If you invest in mutual funds, it is essential that you understand the associated costs. There are a variety of costs associated with mutual fund investments, which shave off a few percentage points off the investment’s returns. Knowing about these costs is critical to your long-term wealth creation. Not knowing them could mean that you miss your investment goals by wide margins.
Let’s take a look at them, and also understand how the arrival of the Goods and Services Tax will impact these costs.
Every fund mentions its Total Expense Ratio. This is a sum of all expenses incurred towards fund management, brokerage, auditing, operational requirement etc. Essentially, this is your payment to the asset management company to buy, hold, and sell securities on your behalf.
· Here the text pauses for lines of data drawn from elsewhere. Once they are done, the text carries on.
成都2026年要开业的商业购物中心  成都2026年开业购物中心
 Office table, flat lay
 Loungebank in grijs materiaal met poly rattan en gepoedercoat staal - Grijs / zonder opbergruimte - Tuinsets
Most varieties of mutual funds impose a charge to discourage investors from making premature redemptions of their units. The quantum of this load, and the tenure for which it is applicable, will be mentioned in the investment scheme document.
GST Impact on Mutual Funds
Investing in mutual funds is going to get slightly more expensive with the arrival of GST. Currently, the expense ratio for mutual funds usually varies between 1.25% and 2.75%. With the revised GST rates, this would increase by 4-7 basis points. This is a marginal increase and investors need not worry about it at the moment.
Why You Must Pay Attention to Costs
You need to research the costs of your investments well in order to understand your benefits accurately. Even a small difference of just 0.5% in your costs could mean a lot of money out of your pocket in the long term.